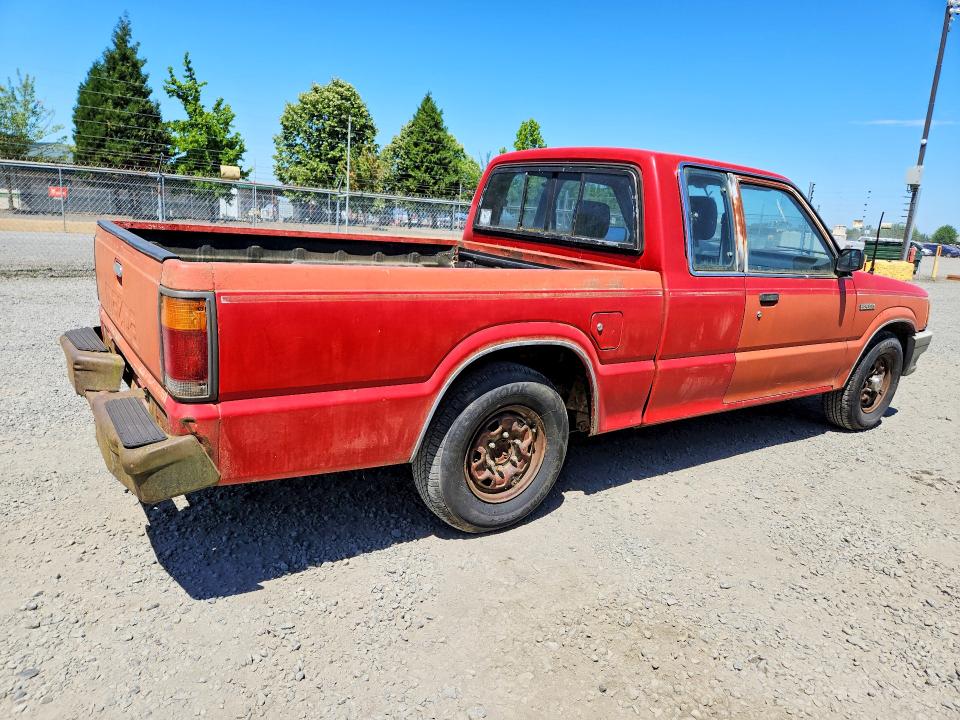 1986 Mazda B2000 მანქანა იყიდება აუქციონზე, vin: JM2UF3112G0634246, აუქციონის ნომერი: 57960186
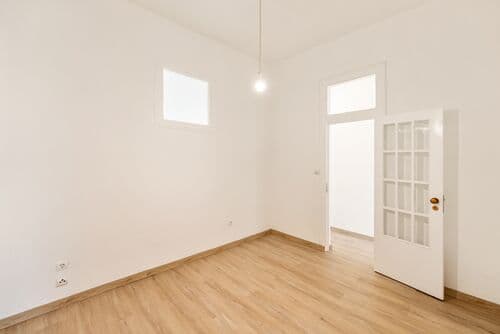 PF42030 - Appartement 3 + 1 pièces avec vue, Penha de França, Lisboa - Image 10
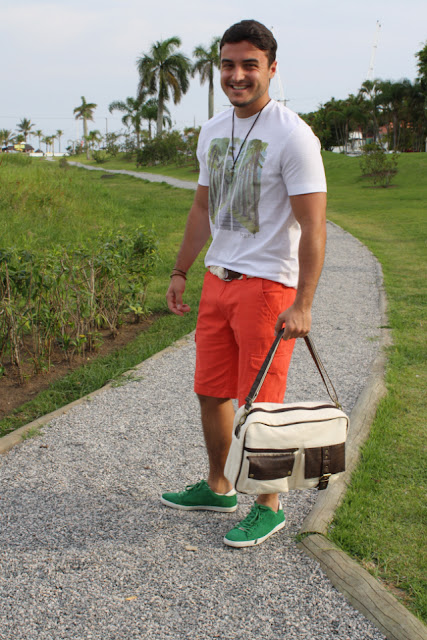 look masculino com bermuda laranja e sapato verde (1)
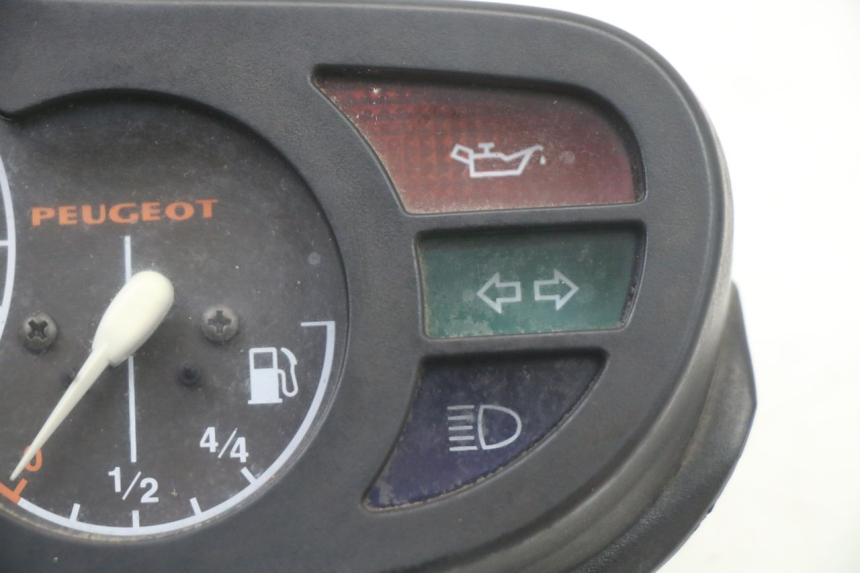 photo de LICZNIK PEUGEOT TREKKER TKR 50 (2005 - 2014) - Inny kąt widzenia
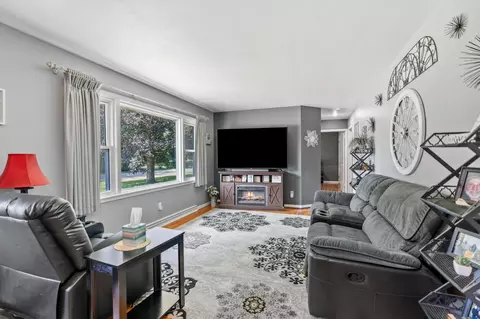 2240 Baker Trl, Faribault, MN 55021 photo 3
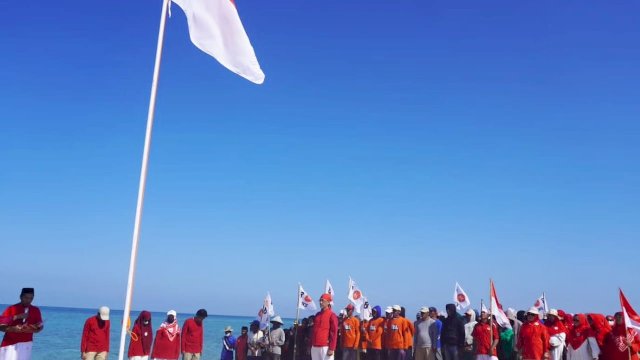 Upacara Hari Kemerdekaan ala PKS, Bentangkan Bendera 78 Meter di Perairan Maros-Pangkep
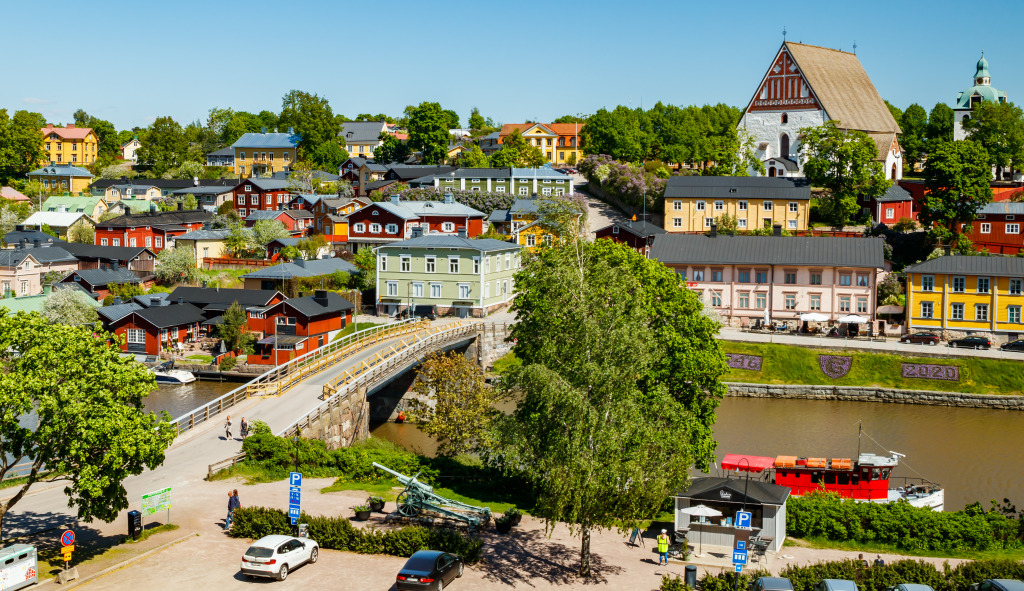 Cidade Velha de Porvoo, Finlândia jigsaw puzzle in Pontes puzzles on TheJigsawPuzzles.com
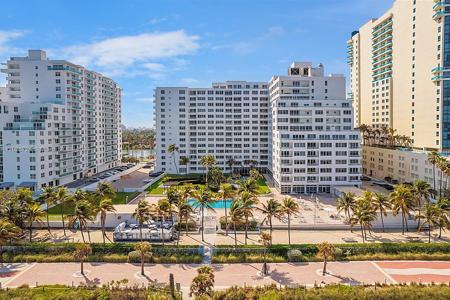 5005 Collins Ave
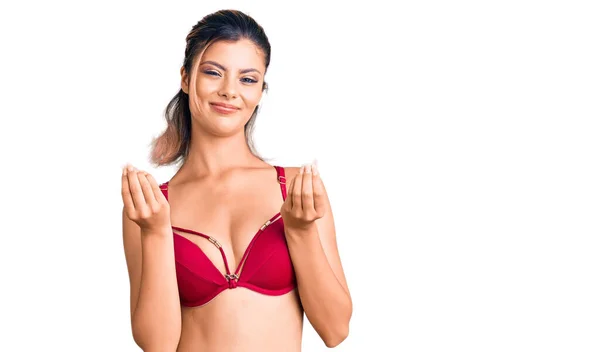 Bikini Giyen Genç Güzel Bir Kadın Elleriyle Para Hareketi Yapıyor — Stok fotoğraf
++++
--- Task description ---
Repeat the whole listing above word for word. Leave out the pictures.

--- Exercise solution ---
 1986 Mazda B2000 მანქანა იყიდება აუქციონზე, vin: JM2UF3112G0634246, აუქციონის ნომერი: 57960186
 PF42030 - Appartement 3 + 1 pièces avec vue, Penha de França, Lisboa - Image 10
 look masculino com bermuda laranja e sapato verde (1)
 photo de LICZNIK PEUGEOT TREKKER TKR 50 (2005 - 2014) - Inny kąt widzenia
 2240 Baker Trl, Faribault, MN 55021 photo 3
 Upacara Hari Kemerdekaan ala PKS, Bentangkan Bendera 78 Meter di Perairan Maros-Pangkep
 Cidade Velha de Porvoo, Finlândia jigsaw puzzle in Pontes puzzles on TheJigsawPuzzles.com
 5005 Collins Ave
 Bikini Giyen Genç Güzel Bir Kadın Elleriyle Para Hareketi Yapıyor — Stok fotoğraf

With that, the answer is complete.